I found the "Donut" reef this past weekend. This is a large metal storage tank about the size of one of the boilers on the Russian Freighter. Looks like it rolled about 275' NW of its deployment location during a storm. I notified Robert Turpin and he will update the Escambia County reef list with the new coordinates.

Old Location: 30 10.883 N 87 14.446 W
New Location: 30 10.913 N 87 14.484 W


Whackum


----------



## jspooney (Oct 2, 2007)

cool. I was looking for it and couldn't find it last time I went.


----------



## cody&ryand (Oct 3, 2007)

About how far out us this from the pass. Also what all did you see if you don't mind sharing ?


----------



## sealark (Sep 27, 2007)

Thats what it is a donut. Used back in the old days. It floated with the bottom open to the ocean. It was used by NAS old oil was pumped or poured into it when full it was towed offshore, tipped over the oil would float and be dissapated by the sun and wave action. Pulled back in and refilled. The lexington barge and fender next to the barge were used by the carrier Lexington. The fender was between the ship and pier. Barge was used to paint the sides or work off of. That donut moves after every good sized storm.


----------



## aquatic argobull (Mar 2, 2009)

What is the depth? Anything interesting on the reef besides snapper and lionfish?


----------



## jspooney (Oct 2, 2007)

aquatic argobull said:


> What is the depth? Anything interesting on the reef besides snapper and lionfish?


. If I remember, the depth is around 100'. Could be wrong though.


----------



## submariner (Oct 2, 2007)

thks for posting the corrected numbers


----------



## WhackUmStackUm (Jan 31, 2010)

aquatic argobull said:


> What is the depth? Anything interesting on the reef besides snapper and lionfish?

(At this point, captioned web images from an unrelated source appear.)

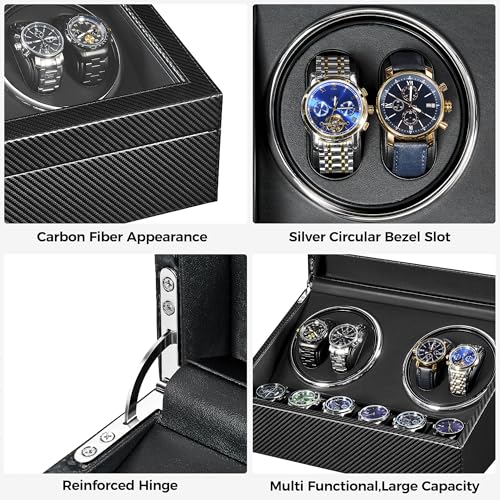 ANWBROAD Watch Winders for Automatic Watches, Automatic Watch Winder with 4 Watches Rotator and 6 Extra Storages, 4 Watch Winder with Japanese Quiet Motor, Carbon Fiber Watch Winders,UJWW012C
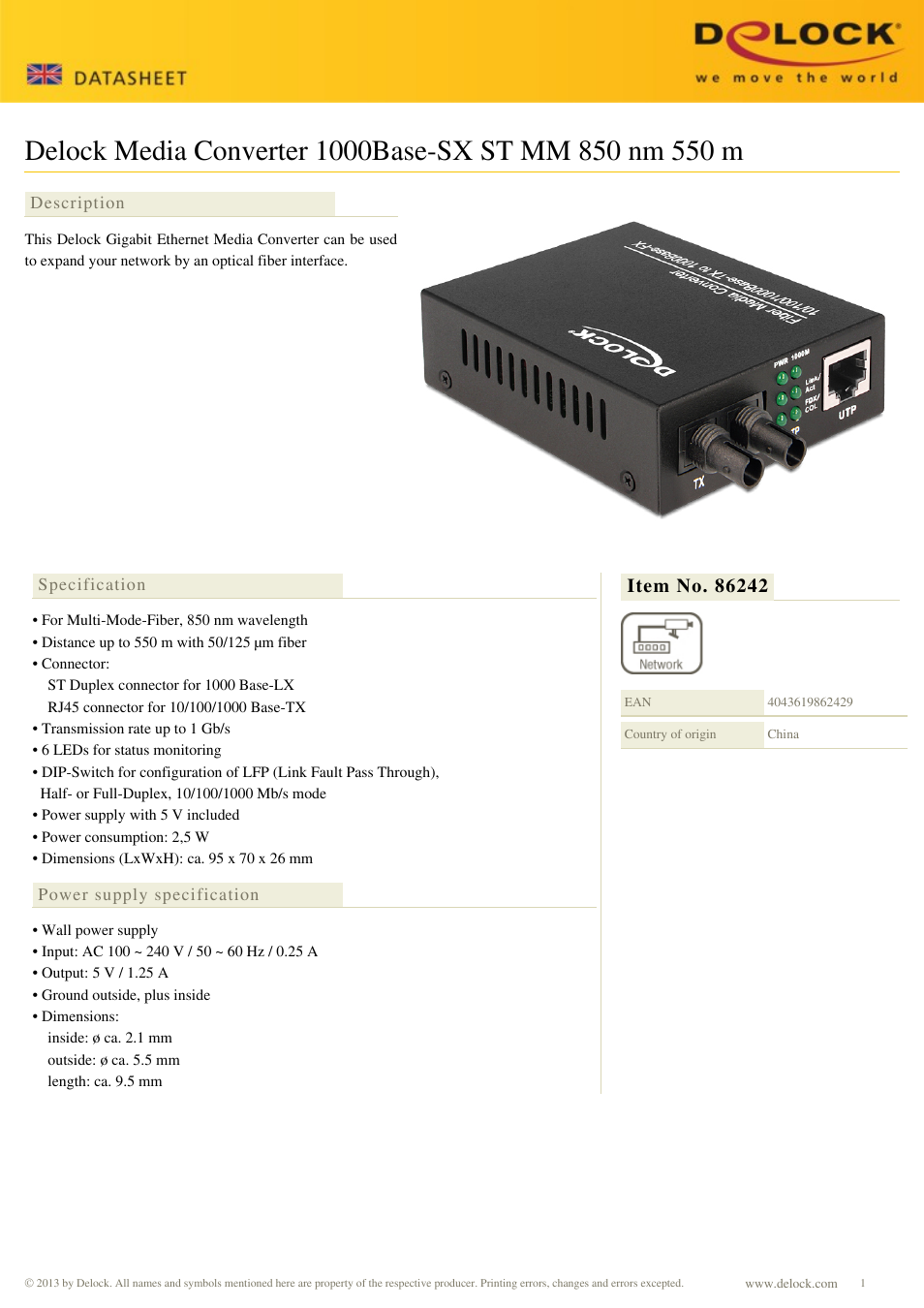 DeLOCK 86242 User Manual | 2 pages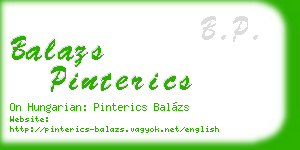 balazs pinterics business card
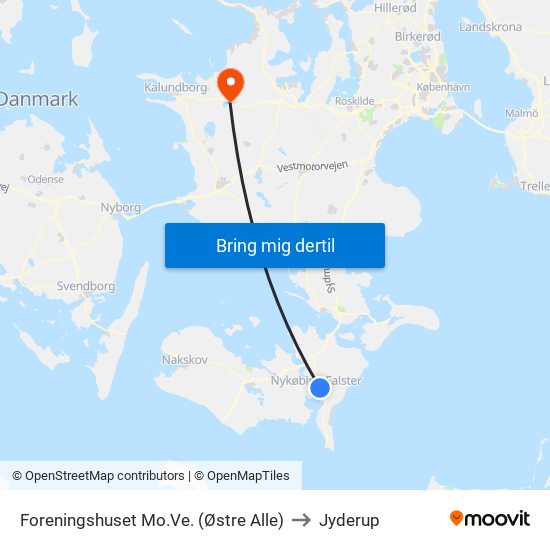Foreningshuset Mo.Ve. (Østre Alle) to Jyderup map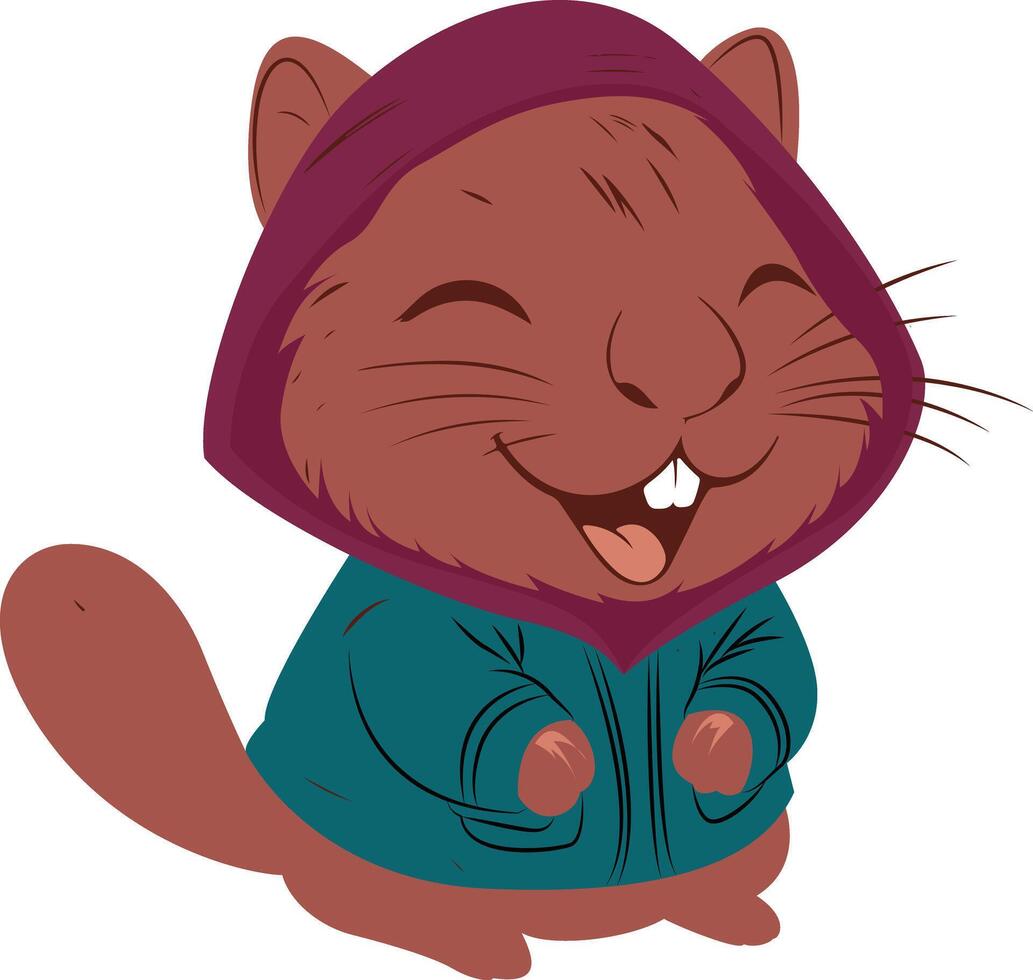 A cartoon squirrel wearing a hoodie vector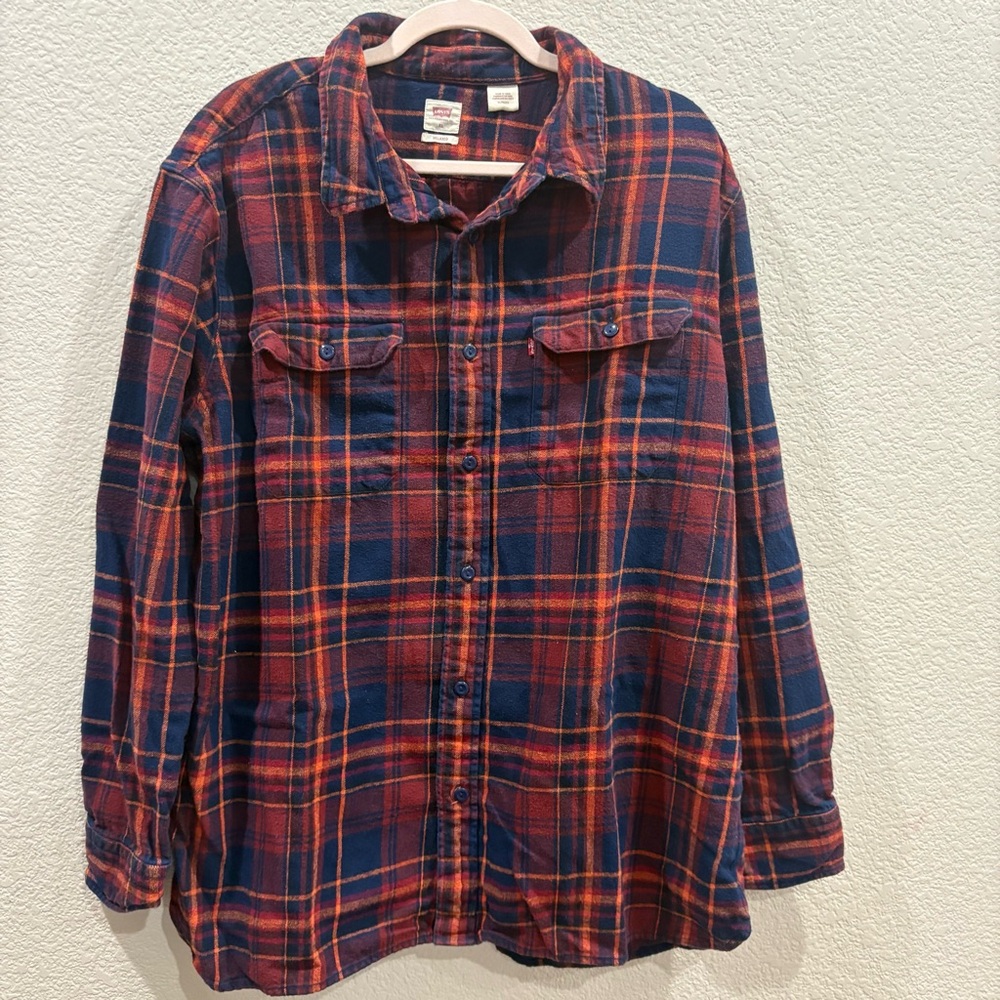 Levi's Red and Blue Plaid Shirt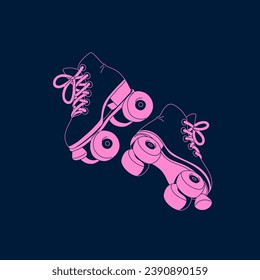 Roller skating footwear. Retro rollerskate with wheels, laces. Old shoe for rink, walking, roll. 90s activity, 70s active leisure, 80s sport hobby. Monochrome flat isolated vector illustration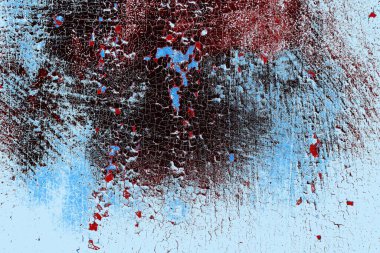 Kırık tarih arkaplanı olan kırmızı, mavi ve siyah grunge duvar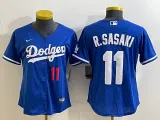 Women Los Angeles Dodgers #11 Roki Sasaki Blue Game Stitched Baseball Jersey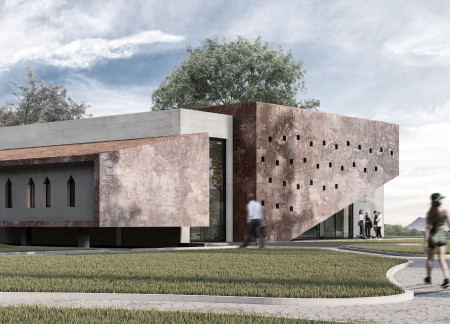 Textured Brick Facade Combined with Expansive Glass Elements in a Community-Centric Cultural Hub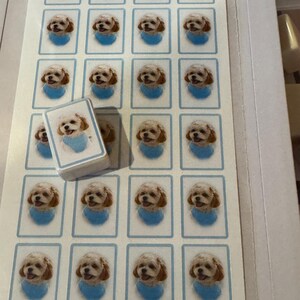 May include: A rectangular sheet of white stickers featuring a repeating portrait of a small, light-coloured dog wearing a blue bandana. A single, thicker, rectangular tile with the same dog image is placed on top of the sticker sheet.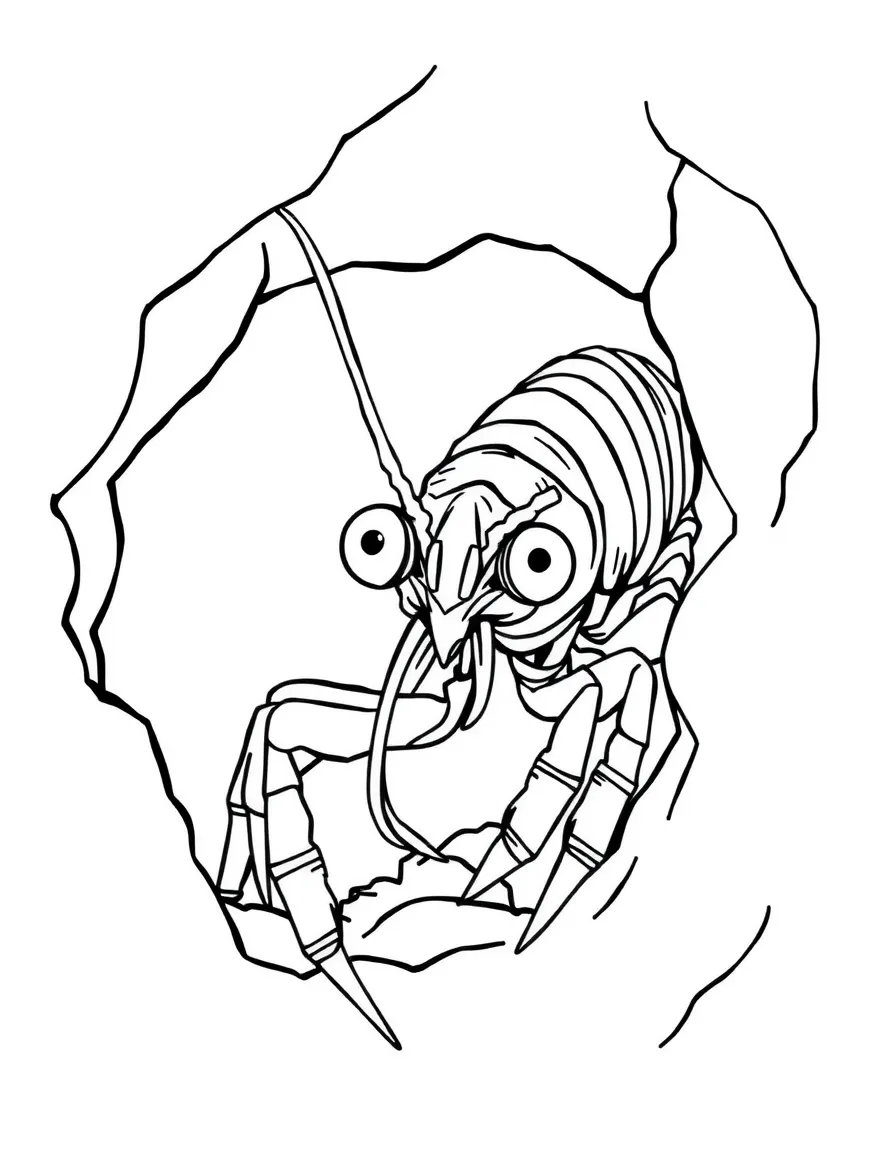 A mantis shrimp peering from its burrow with its complex eyes scanning for prey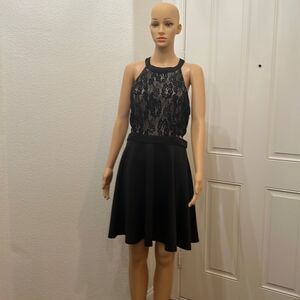 Xtraordinary Black Dress Sz 13 Halter Lace Mini Cutout Fit & Flare Skater Skirt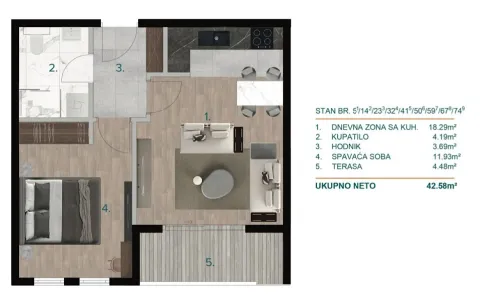 Prodaja, jednosoban stan, 42m², Bjeliši, Bar - image 6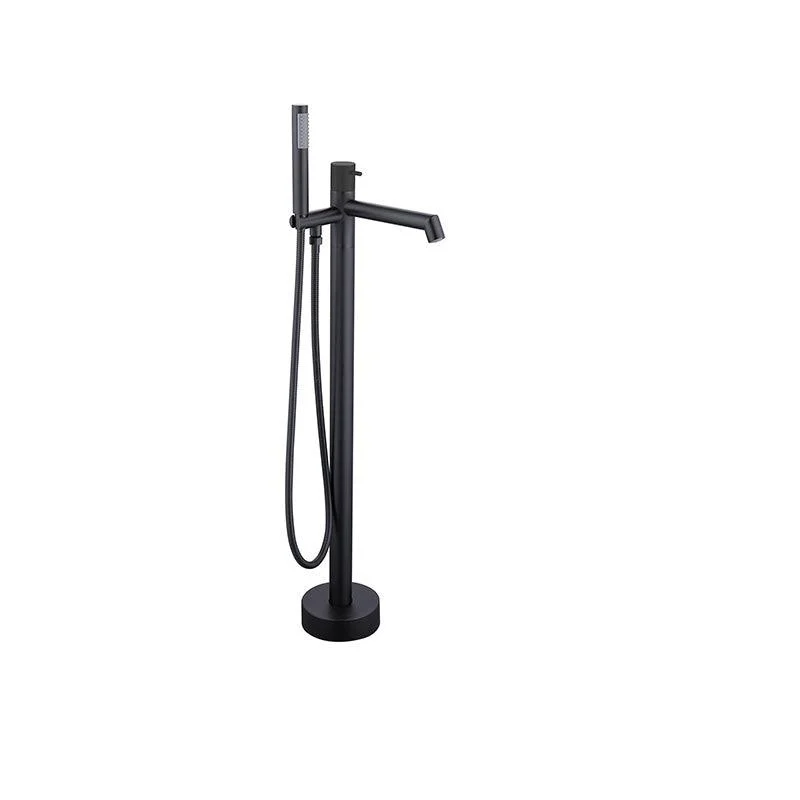 Floor Mounted Bronze Freestanding Tub Filler Single Handle Freestanding Tub Filler Trim -Bathlova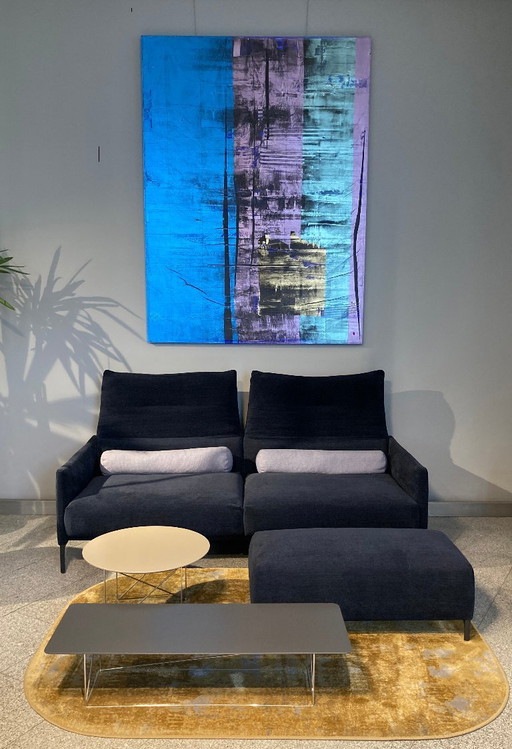 COR sofa Avalanche with lumbar cushions & footstool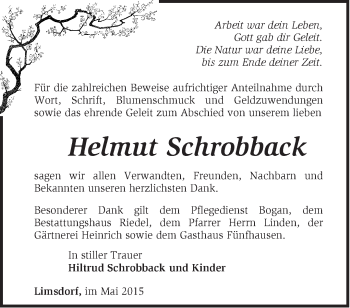 Traueranzeige von Helmut Schrobback von Märkische Oderzeitung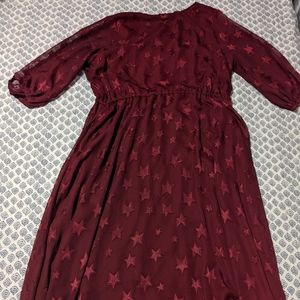 Modcloth Burgundy Star Print Fall Peasant Dress
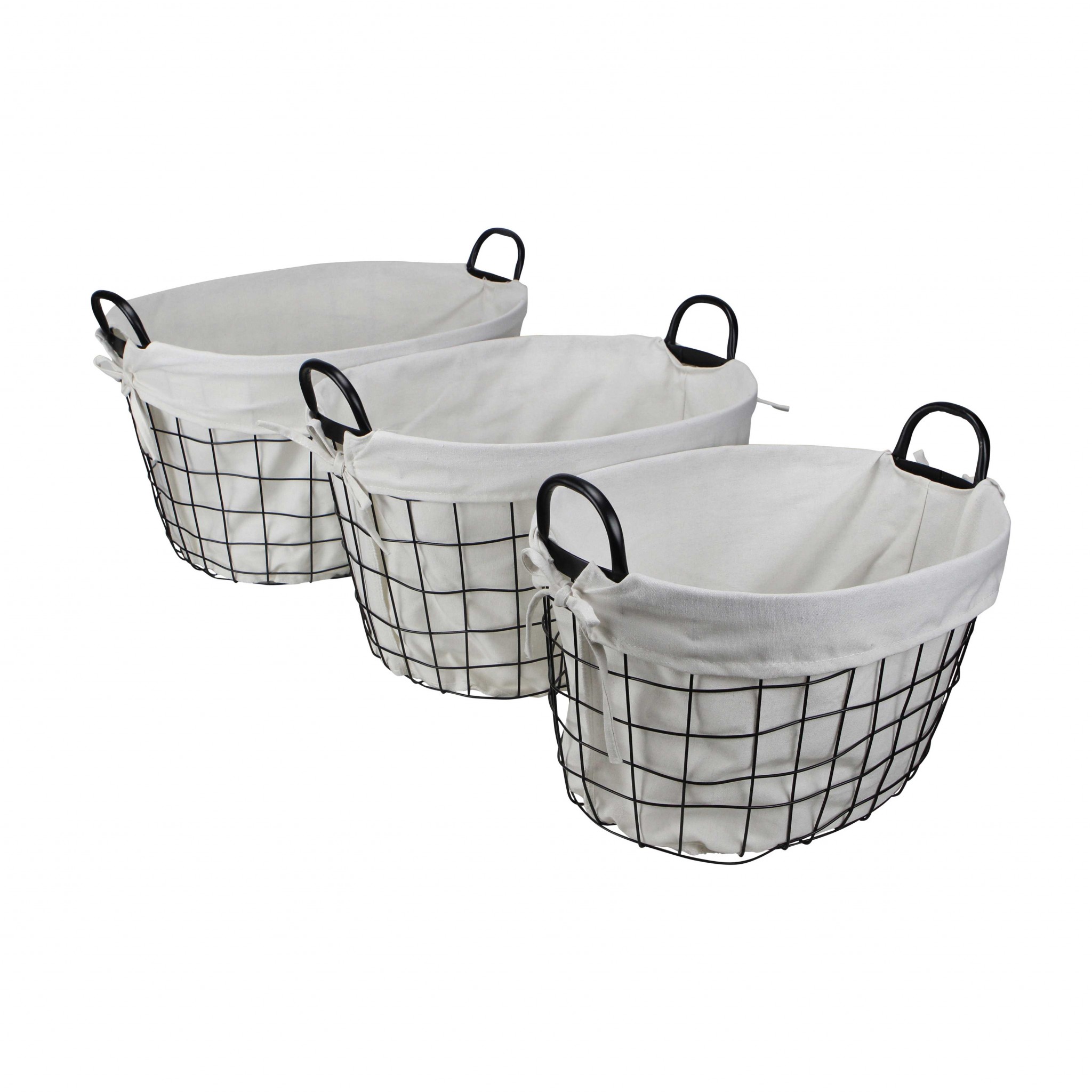 Set Of Three Black Oval Wire Baskets with White Fabric Liners and Handles - Image 6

 If I remember correctly, I think it was around 75' to the bottom.

Not much to see in the way of fish. My son shot four lionfish.


----------



## sealark (Sep 27, 2007)

Ive gotten a few flounder on it years ago about 3 moves ago. It just keeps rolling along after every storm always winds up NW from last spot.


----------



## coolbluestreak (Jun 27, 2011)

Thanks for the knowledge Bryan and Ron!


----------



## REDFISH KING (May 9, 2009)

How far out of Pensacola Pass ?


----------



## sealark (Sep 27, 2007)

About 9 miles south close to a barge.


----------